1. Do Not Be Afraid to Consult. One of the worst mistakes a president can make is to assume that Congress will support an administration proposal with little or no consultation. President Carter’s first move was to eliminate key water projects without discussing the issue at all with key Members of Congress. Needless to say, it got the administration off on the wrong foot. Even with a Republican Congress, President Bush rarely sought their advice. The point is basic — take time to consult with the key chairmen and ranking members of the committees involved and the bipartisan leadership. In the end, Members will be more inclined to support the new president if they feel they had the opportunity to influence legislative action.

2. Your Word Is Your Bond. The only coin of the realm in politics is someone’s word. If a president or his representatives are not clear about his position or, worse, mislead Members as to what the president will do, that will undermine support for his position. In politics as in business, trust is everything. Without trust, there can be no loyalty. And without loyalty, no president can win. One of the reasons that the parties have failed to negotiate in good faith is that they simply don’t believe they can be honest with each other without getting stabbed in the back in the press. The president will have to demonstrate that he will protect their confidence.

3. The Leadership Must Be Part of the Team. The key leadership in Congress cannot just be taken for granted and used as a photo-op for the president. The Speaker, majority and minority leaders can be invaluable allies in any legislative battle if they feel they are part of the governing team with the president. Of course, they may not always vote with him, but they deserve the respect of being involved in both the substance and strategy of key actions by the president.

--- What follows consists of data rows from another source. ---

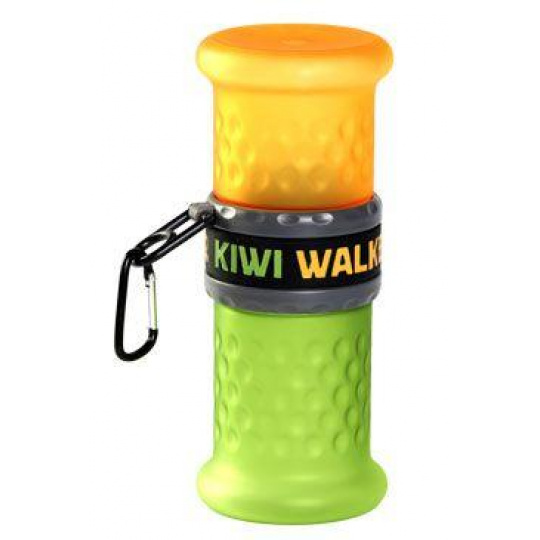 Cestovná fľaša 2v1 oranž.-zelená 750+500ml Kiwi Cestovná fľaša 2v1 oranž.-zelená 750+500ml Kiwi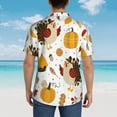 thumbnail image 4 of Disketp Hawaiian Shirts For Men,Happy Thanksgiving Print Mens Casual Short Sleeve Button Down Shirts Beach Shirt, 4 of 7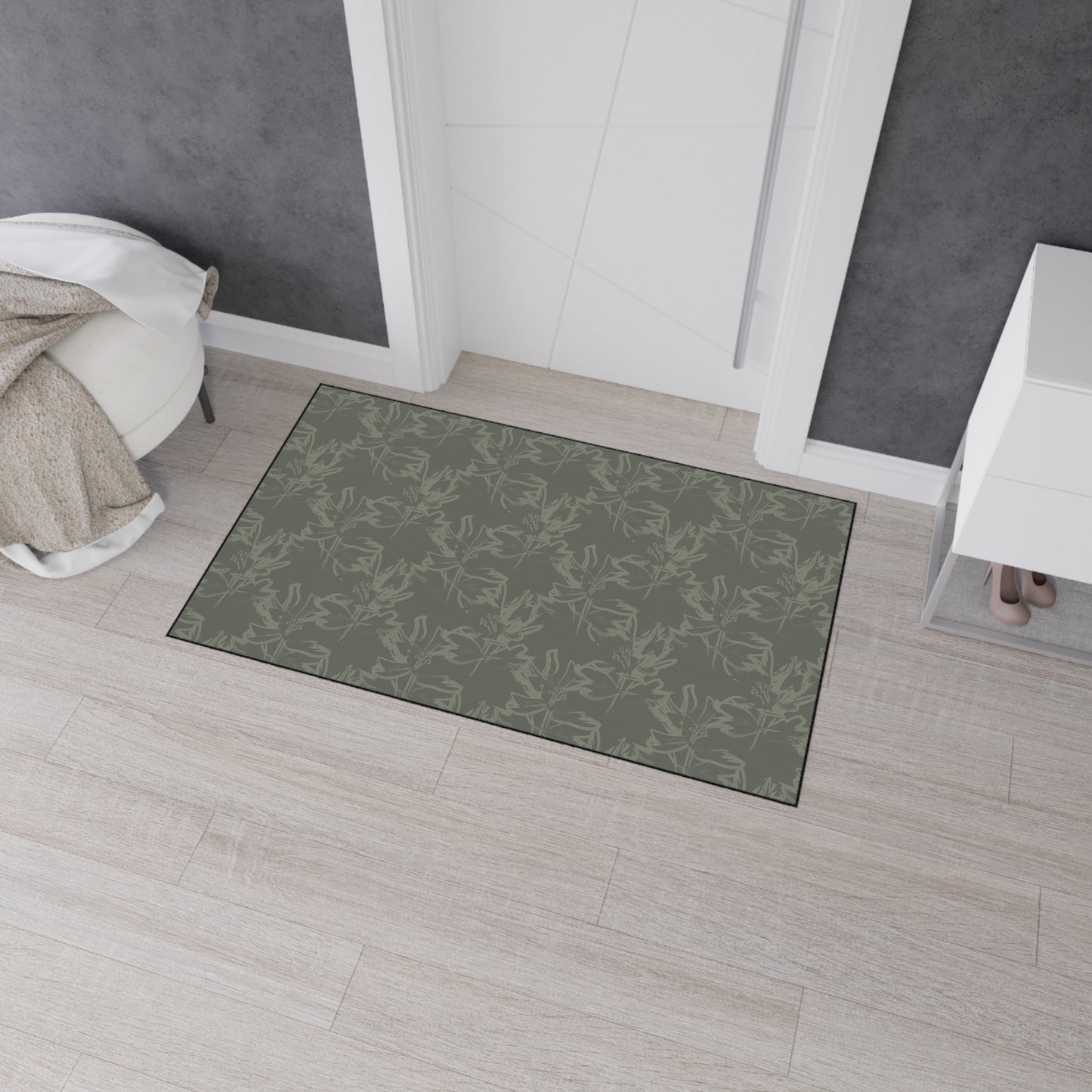 Heavy-Duty Floor Mat — Durable Camouflage Pattern Entry/Utility Rug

4. Develop Flexible Coalitions. Because the president is not guaranteed a set majority on every issue, he will have to fashion different coalitions depending on the issues he’s trying to push through Congress. While President Obama may be able to attract bipartisan support on issues like education, energy, transportation and defense, the likelihood is that Republicans will not support him on budget, taxes or health reform. He has to be flexible enough to fashion different majority coalitions depending on the issue. After all, the name of the game is to win and although the Democrats and Republicans may not always support every effort by the president, his ability to put together winning coalitions will get both their attention and their respect.

5. Support of the People. The most powerful weapon a president has in dealing with Congress is the power of the people. Former President Ronald Reagan had a remarkable ability to communicate with the public and gain their support. If the president maintains the trust and support of the people, that is an incredible grass-roots force on Members of Congress. If President Obama can preserve the unique bond he has established with the voters, not only will he be able to unify the country, he will also be able to deploy the most effective legislative leverage a president has in our democracy — the voice of the people.

History will forever recall the election of 2008 as one of great change. But to change is to govern. And to govern, the president must have the support of Congress. Barack Obama has shown that he had the leadership to run one of the most effective campaigns in recent memory. But his ultimate legacy as president will be determined by his relationship with Congress and his ability to govern.

Leon Panetta, a former Democratic Member of Congress from California, served as director of the Office of Management and Budget and as White House chief of staff during the Clinton administration.